If you are interested in rail transport, you certainly will be interested in the proposed merger of the Kansas City Southern (KCS) rail line with a Canadian railroad.
Both Canadian Northern (CN) and Canadian Pacific (CP) have made offers to merge with KCS.
It’s important because either merger would let there be direct rail service between Canada and Mexico. Mexico is an important low-cost component manufacturing country, and Canada is a highly developed first-world economy, with also many intrnational connections. KCS has taken great pains over the last 10 years to develop service into and outof Mexico, and is probably the paramount player. Other major US railroads, such as BNSF, UP, and Norfolk Southern (NS), have not worked to build this capability to the same degree. So KCS is a kind of unique prize, especially for the Canadian railroads.
So far the story is one of competing buyers for KCS. CP made the first offer, but as time was running out for acceptance, CN came in with a larger offer. It involves some specialized and complex merger techniques. The Surface Transport Board (STB), a US government agency which regulates railroads in the US, has just rejected the merger, based on the form itis to take. This means that the two firms in the current merger discussions will need to try to rearrange their proposed deal structure to try to meet the STB objections. It also gives the alternate partner, CP, an opportunity to come back to the negotiations with KCS and make an offer more likely to succeed.
If there is a merger, what will happen? One thing you can be sure of is that over time the leader in the merger, the Canadian firm, will influence rail operations more and more. For shippers, it will be easier to make arrangements from Mexico to the US and Canada, and vice versa. It’s not clear how domestic US shippers will be affected. KCS serves a rural midwestern region that is not as well served by other railroads, and that will probably continue. ButKCS connections with other parts of the US may suffer a bit.

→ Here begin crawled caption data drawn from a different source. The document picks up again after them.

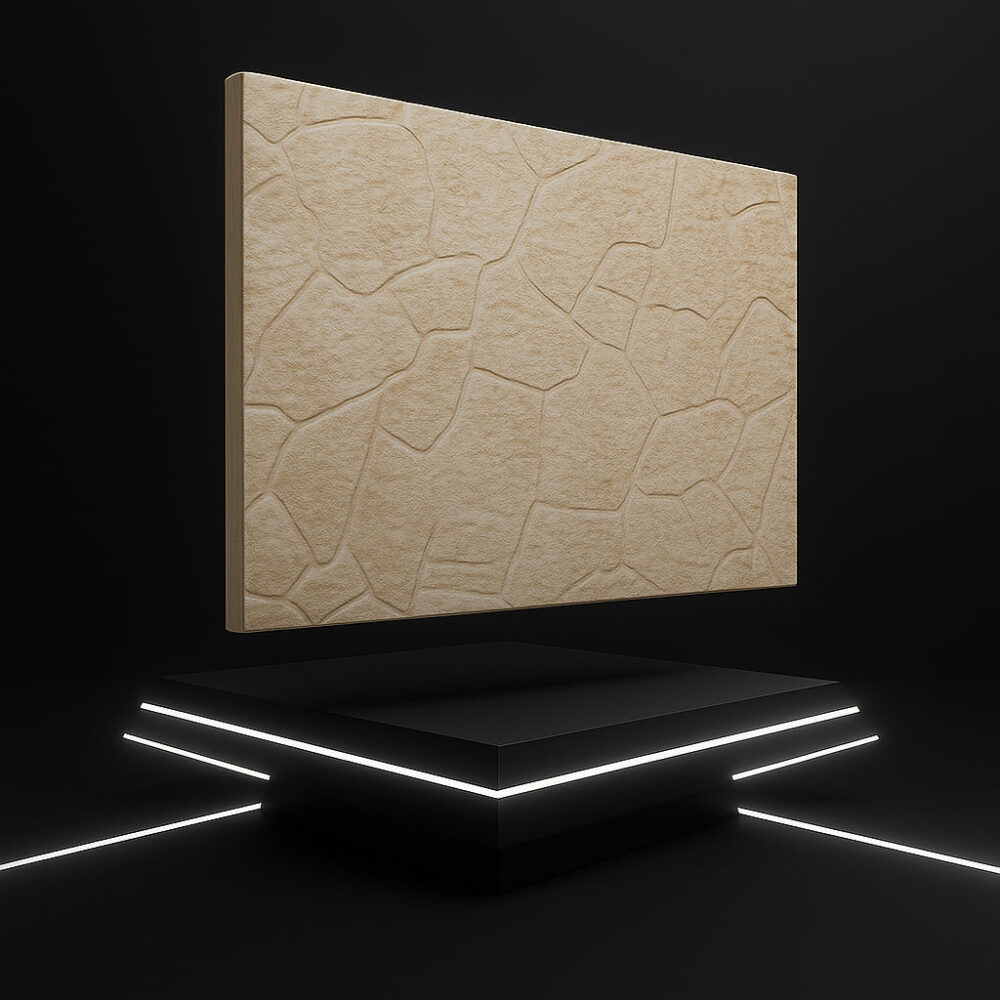 Textured Stone Pattern Panel – SANGAB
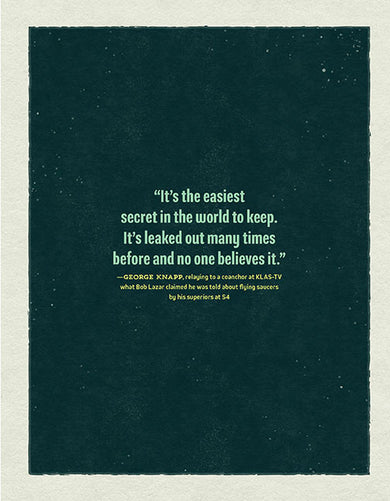 We Are Not Alone US - Hardback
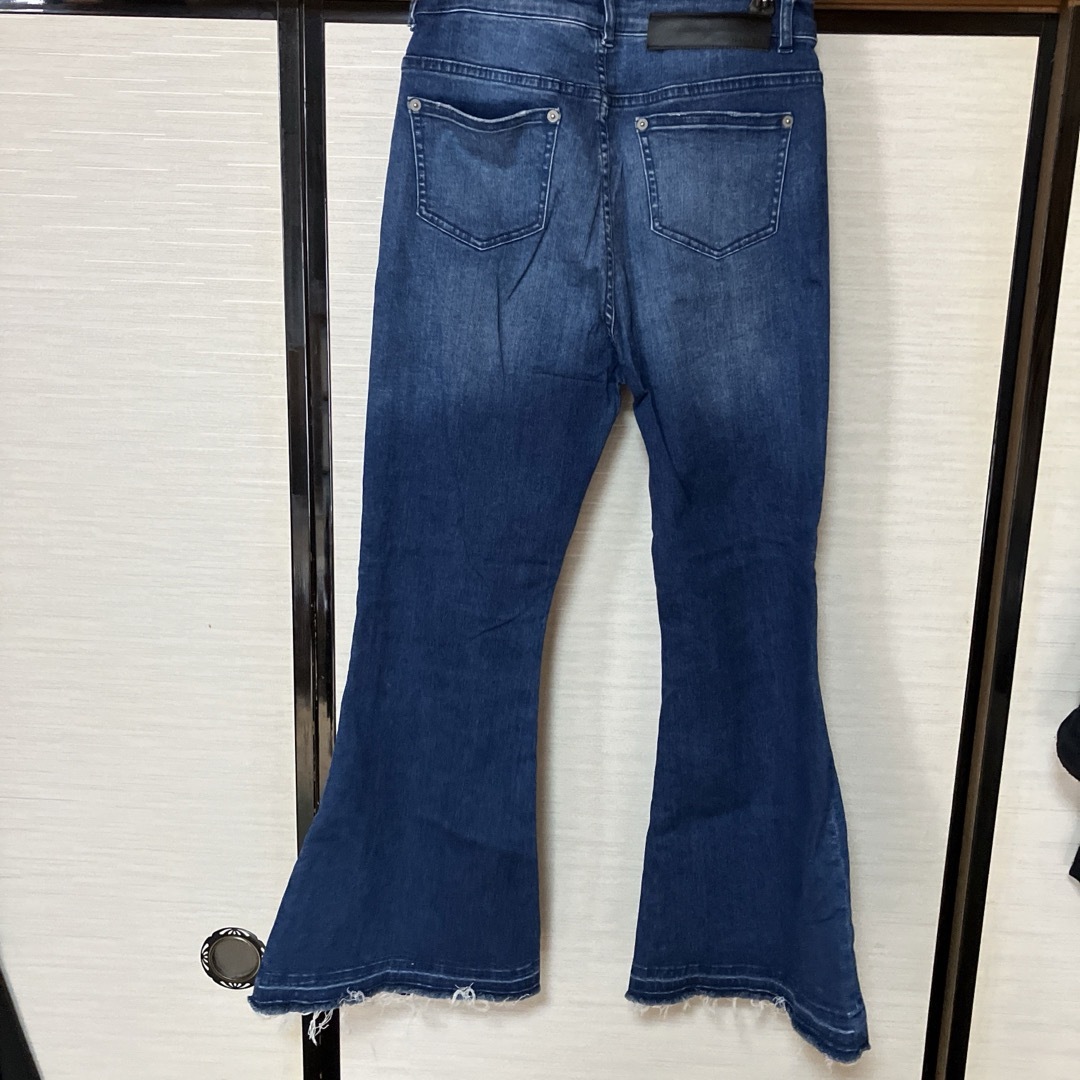 ジーナシス　デニムパンツ レディースのパンツ(デニム/ジーンズ)の商品写真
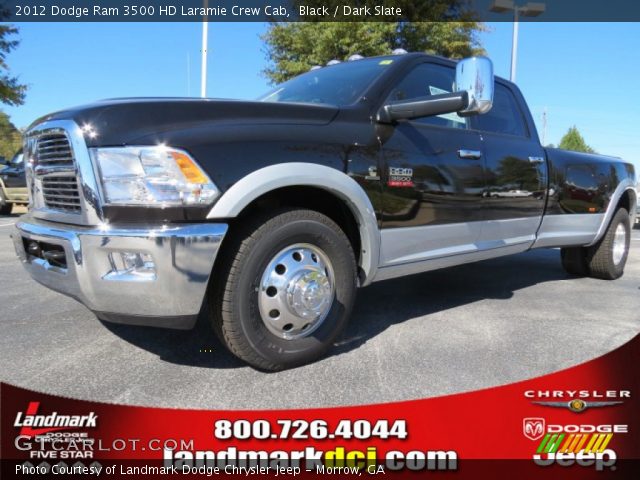 2012 Dodge Ram 3500 HD Laramie Crew Cab in Black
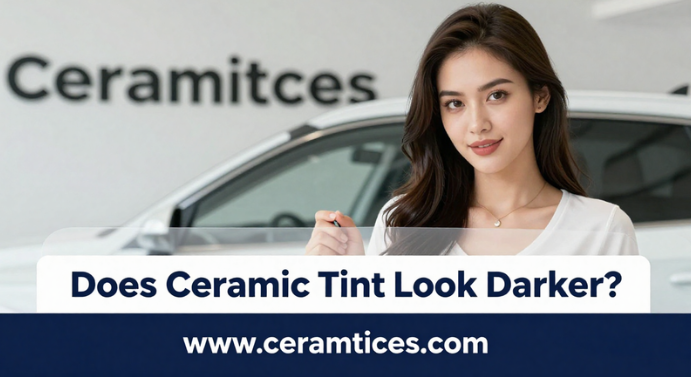 Does Ceramic Tint Look Darker?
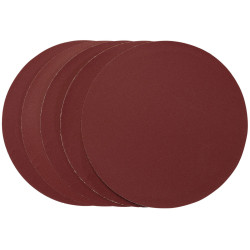 Draper 63045 Sanding Discs, 200mm, PSA, 240 Grit, (Pack of 5)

The combination of companies will be a powerhouse, putting the line in the class of UP and BNSF, the top major railroads in the US.
Chris Dupin has an interesting article in the most recent American Shipper. CMA/CGM is trying to buy a majority interest in CEVA, the 3PL firm based in Switzerland. CEVA has been the target of another buyout effort by DSV, another 3PL. the time was certainly ripe for a consolidation in both the 3PL and the maritime transport space. This merger or combination is another attempt to deepen the reach of a maritime company into downstream supply chain management.
Like all of these mergers, we’ll have to see if it works out, and if the combination succeeds in improving results for shippers and receivers of goods. But for me it is a step in the right direction for a maritime company. If you try to tackle the downstream problems, you will start to understand how to improve and deliver more value. Whether a purchase is the best route is an open question, but it is certainly a good try.
The article also points out that CMA/CGM is innovating in other ways now. It has an in-house incubator, ZeBox, of small concerns that have ideas for improvements. It’s moving ahead on tracking containers and monitoring some of the risk conditions they face while traveling; and it is making some investment in bill of lading improvements through a blockchain technology project with BuyCo, another startup. These are certainly ways to get innovators thinking about the maritime supply chain problems. Who winds up with the rents is yet to be determined.
Alex Lennane has written in the Loadstar about the merger or assimilation of six UK diverse logistics firms under one management. Perhaps this is what’s necessary to get firms to work together– a bigger hammer. If they cannot learn to do it on their own, let’s put them together under one management.
However, this approach is fraught with issues. Most mergers do not reach the state of grace they envisioned, because of resistance to change within. And much of the value of a firm is in its people, and their skills at dealing with the countless exceptions that mark any business. Another is the heterogeneity of the businesses– every firm in a merger thinks their way of doing something has to work that way for them. It might not be true, or it might, but even thinking it draws boundaries that can take considerable effort to crack.
We will have to see if this new management structure generates rewards the size the PE firm expects. Of course if they just make something big enough to sell publicly with temporary results, that will be enough for them to make their money and pass the risk on.